If Aguilar’s high school teachers could see him now, they’d be surprised by his career choice. “If you were to go and ask my biology teachers back in high school, they’d say I was a terrible student,” Aguilar says. Luckily for Aguilar, things worked out. “Some of us are late bloomers,” he says. “You don’t always have to get it right away.” Today, Aguilar teaches cancer immunology, pathobiology and biotechnology at Western Reserve Academy. He also serves as acting mentor for the student biomedical research program, which offers opportunities for hands-on research in the classroom and at the Cleveland Clinic.
I actually wanted to be a veterinarian. My bachelor’s is in animal science. I was taking classes, preparing for it, but I couldn’t really get into it that much.
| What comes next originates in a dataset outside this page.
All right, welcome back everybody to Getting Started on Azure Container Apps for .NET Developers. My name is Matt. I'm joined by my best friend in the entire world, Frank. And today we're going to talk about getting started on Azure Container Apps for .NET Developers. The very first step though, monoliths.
My wife noticed. She’s the one that actually suggested, “You might want to try teaching. Every time we’re at parties you’re always trying to explain things to people and seem to really like that. Why don’t you give it a try?”
So I did, and I fell in love with it.
One of the reasons [Western Reserve Academy] hired me is they wanted me to bring in biotechnology. I noticed the level of students we had. Seeing them work and seeing their dedication, I was like, These students could really do a lot.
I was working on my doctorate at Cleveland State University, but my research was going on at the Cleveland Clinic. I was developing a testicular cancer vaccine.
Every new experiment that I learned there I was like, How can I implement this into my daily teachings over there at Western Reserve Academy?
It was during that time that I came up with setting up some summer internships where our students could go to the Cleveland Clinic and work with scientists there. We started doing that, and that’s still going on. Here we are nine years later.
What surprises me most is how independent they can be if you just let them.
We’ve got research projects going on from developing a prostate cancer vaccine using the same model as my testicular cancer vaccine. I also have another group working on a branch coming out of the testicular cancer vaccine that I developed using a different protein. We also have students that are studying gastric cancer.
We could have the next cure for cancer in one of these students.
That’s what I love about my job the most: seeing them discover science and being excited about it.